As an example, let us log some information about how the libusb library is being called by another program. libusb is a library used by programs to access USB devices from userspace, eliminating the need to create a kernel driver for all USB devices.
Starting with the usb_open() function provided by libusb, the following small bit of code is used to log all accesses to this function:
usb_dev_handle *usb_open(struct usb_device *dev) { static usb_dev_handle *(*libusb_open) (struct usb_device *dev) = NULL; void *handle; usb_dev_handle *usb_handle; char *error; if (!libusb_open) { handle = dlopen("/usr/lib/libusb.so", RTLD_LAZY); if (!handle) { fputs(dlerror(), stderr); exit(1); } libusb_open = dlsym(handle, "usb_open"); if ((error = dlerror()) != NULL) { fprintf(stderr, "%s\n", error); exit(1); } } printf("calling usb_open(%s)\n", dev->filename); usb_handle = libusb_open(dev); printf("usb_open() returned %p\n", usb_handle); return usb_handle; }
To compile this code, run GCC with the following options:
gcc -Wall -O2 -fpic -shared -ldl -o shim.so shim.c
This command creates a shared library called shim.so from the shim.c source code file. Then, if the test program was run with the previous LD_PRELOAD line, any calls to the function usb_open() in the test function call our library function instead. The code within our function tries to load the real libusb library with a call to the function dlopen:
handle = dlopen("/usr/lib/libusb.so",
RTLD_LAZY);
The option RTLD_LAZY is passed here, because I do not want the loader to resolve all symbols at this point in time. I want them resolved only when the shim code asks for them to be resolved.
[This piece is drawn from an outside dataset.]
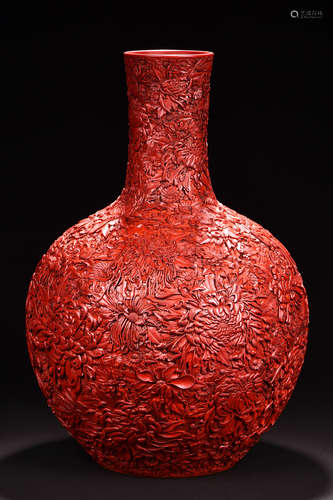 RARE CARVED PORCELAIN 'CINNABAR LACQUER CHRYSANTHEMUM' VASE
If that function succeeds, the code then asks for a pointer to the real usb_open function with a call to dlsym:
libusb_open = dlsym(handle, "usb_open");
If that function succeeds, the shim now has a pointer to the real libusb function. It can call the real function whenever it wants to, after logging some information to the screen:
printf("calling usb_open(%p)\n", dev);
usb_handle = libusb_open(dev);
This also allows the code to do something after the library function has been called and before control is returned to the original program.
An example of running a program with this shim in place might produce the following output:
calling usb_open(002) usb_open() returned 0x8061100 calling usb_open(002) usb_open() returned 0x8061100 calling usb_open(002) usb_open() returned 0x8061100 calling usb_open(002) usb_open() returned 0x8061100 calling usb_open(002) usb_open() returned 0x8061120 calling usb_open(002) usb_open() returned 0x8061120
To log a more complex function, such as usb_control_message, the same thing needs to be done as was done for usb_open:
int usb_control_msg(usb_dev_handle *dev,
int requesttype,
int request,
int value,
int index,
char *bytes,
int size,
int timeout)
{
static int(*libusb_control_msg)
(usb_dev_handle *dev,
int requesttype, int request,
int value, int index, char *bytes,
int size, int timeout) = NULL;
void *handle;
int ret, i;
char *error;
if (!libusb_control_msg) {
handle = dlopen("/usr/lib/libusb.so", RTLD_LAZY);
if (!handle) {
fputs(dlerror(), stderr);
exit(1);
}
libusb_control_msg = dlsym(handle, "usb_control_msg");
if ((error = dlerror()) != NULL) {
fprintf(stderr, "%s\n", error);
exit(1);
}
}
printf("calling usb_control_msg(%p, %04x, "
"%04x, %04x, %04x, %p, %d, %d)\n"
"\tbytes = ", dev, requesttype,
request, value, index, bytes, size,
timeout);
for (i = 0; i < size; ++i)
printf ("%02x ", (unsigned char)bytes[i]);
printf("\n");
ret = libusb_control_msg(dev, requesttype,
request, value,
index, bytes, size,
timeout);
printf("usb_control_msg(%p) returned %d\n"
"\tbytes = ", dev, ret);
for (i = 0; i < size; ++i)
printf ("%02x ", (unsigned char)bytes[i]);
printf("\n");
return ret;
}
Running the test program again with the shim library loaded produces the following output:
usb_open() returned 0x8061100
calling usb_control_msg(0x8061100, 00c0, 0013, 6c7e, c41b, 0x80610a8, 8, 1000)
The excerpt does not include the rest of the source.